*** INFORMATION SUPPLIED Section Begins ***
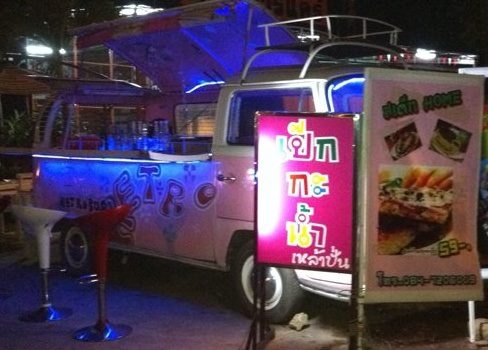 ขายรถตู้โฟรค พร้อมทะเบียน โทร0847206009 (ห้ามต่อราคาแล้วนะค่ะ)รถอยู่อุบล มาดูได้ใครอยู่แถวนี้ ราคานี้ถูกสุดแล้วค่ะ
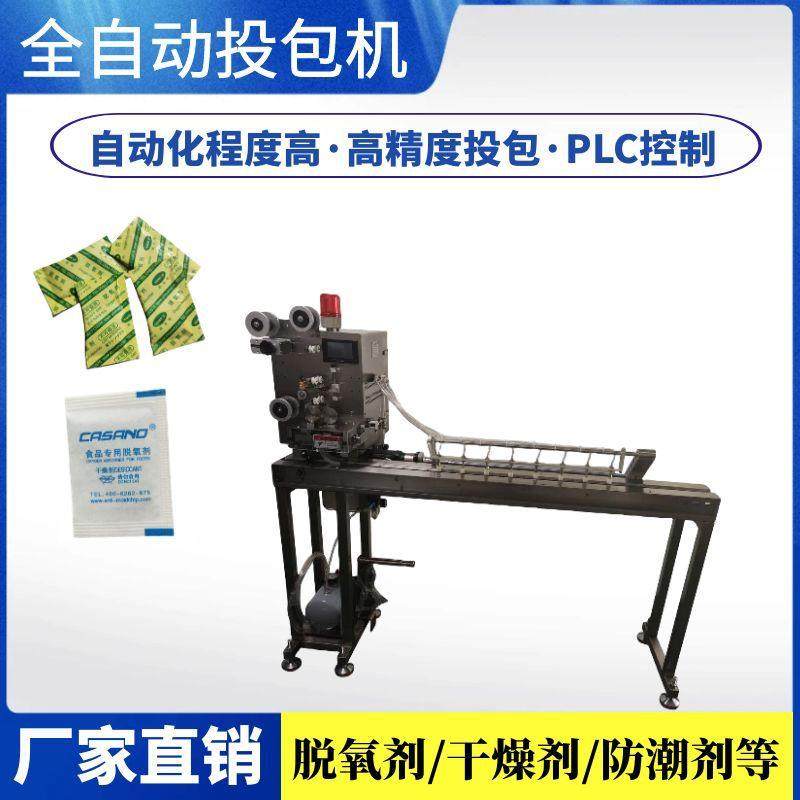 全自动多列投包机蛋黄酥月饼脱氧剂塞入机防潮剂防潮珠高速投放机,清洗/食品/商业设备,其他食品加工设备,淘宝优惠券,粉丝福利购,淘宝优惠卷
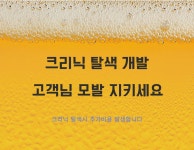 마들렌 헤어살롱 안성점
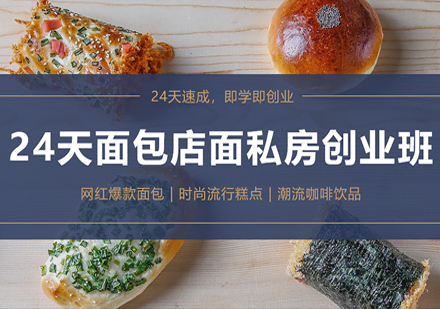 面包店面私房创业班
*** INFORMATION SUPPLIED Section Ends ***
TASK INSTRUCTIONS: Retype word for word all the material given above, and keep the pictures out.

EXERCISE ANSWER:
 ขายรถตู้โฟรค พร้อมทะเบียน โทร0847206009 (ห้ามต่อราคาแล้วนะค่ะ)รถอยู่อุบล มาดูได้ใครอยู่แถวนี้ ราคานี้ถูกสุดแล้วค่ะ
 全自动多列投包机蛋黄酥月饼脱氧剂塞入机防潮剂防潮珠高速投放机,清洗/食品/商业设备,其他食品加工设备,淘宝优惠券,粉丝福利购,淘宝优惠卷
 마들렌 헤어살롱 안성점
 面包店面私房创业班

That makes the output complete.